__What you should do__
Print, exactly as they stand, the lines below from the one that has "New 2026 Jeep" to the one that has "La Habana, 18-2-1985.- El", inclusive, leaving out the pictures.

__Material provided__
Start of Block

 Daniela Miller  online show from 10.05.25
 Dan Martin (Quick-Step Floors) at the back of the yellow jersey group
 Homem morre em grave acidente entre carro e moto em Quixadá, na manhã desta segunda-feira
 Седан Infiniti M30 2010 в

End of Block
Start of Block

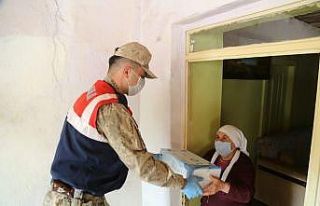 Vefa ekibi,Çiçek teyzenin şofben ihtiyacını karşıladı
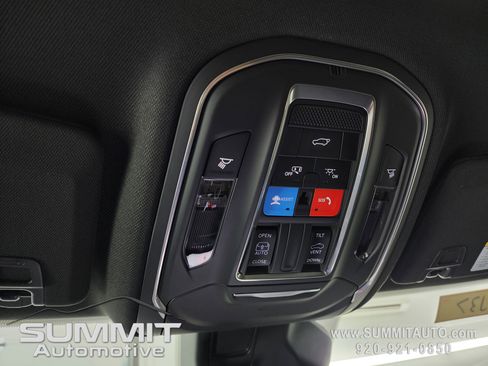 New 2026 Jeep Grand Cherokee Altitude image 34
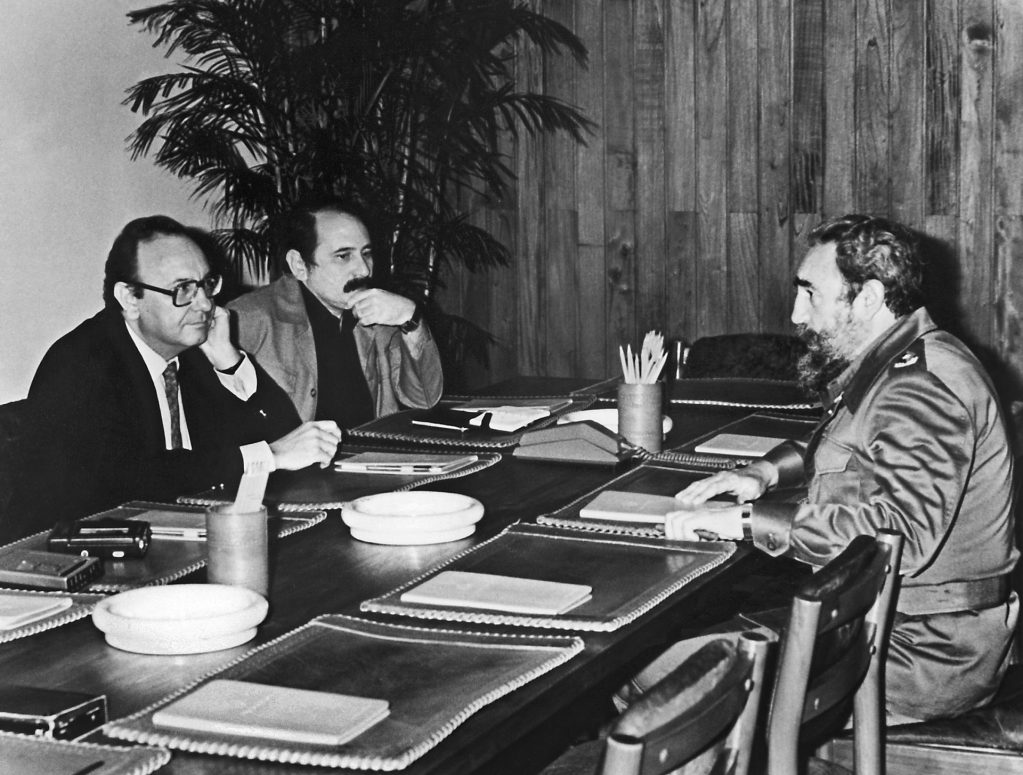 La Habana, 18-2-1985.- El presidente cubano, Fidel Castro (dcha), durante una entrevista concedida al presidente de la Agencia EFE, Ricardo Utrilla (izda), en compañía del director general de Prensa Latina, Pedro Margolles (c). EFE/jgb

End of Block

__Output below__
 New 2026 Jeep Grand Cherokee Altitude image 34
 La Habana, 18-2-1985.- El presidente cubano, Fidel Castro (dcha), durante una entrevista concedida al presidente de la Agencia EFE, Ricardo Utrilla (izda), en compañía del director general de Prensa Latina, Pedro Margolles (c). EFE/jgb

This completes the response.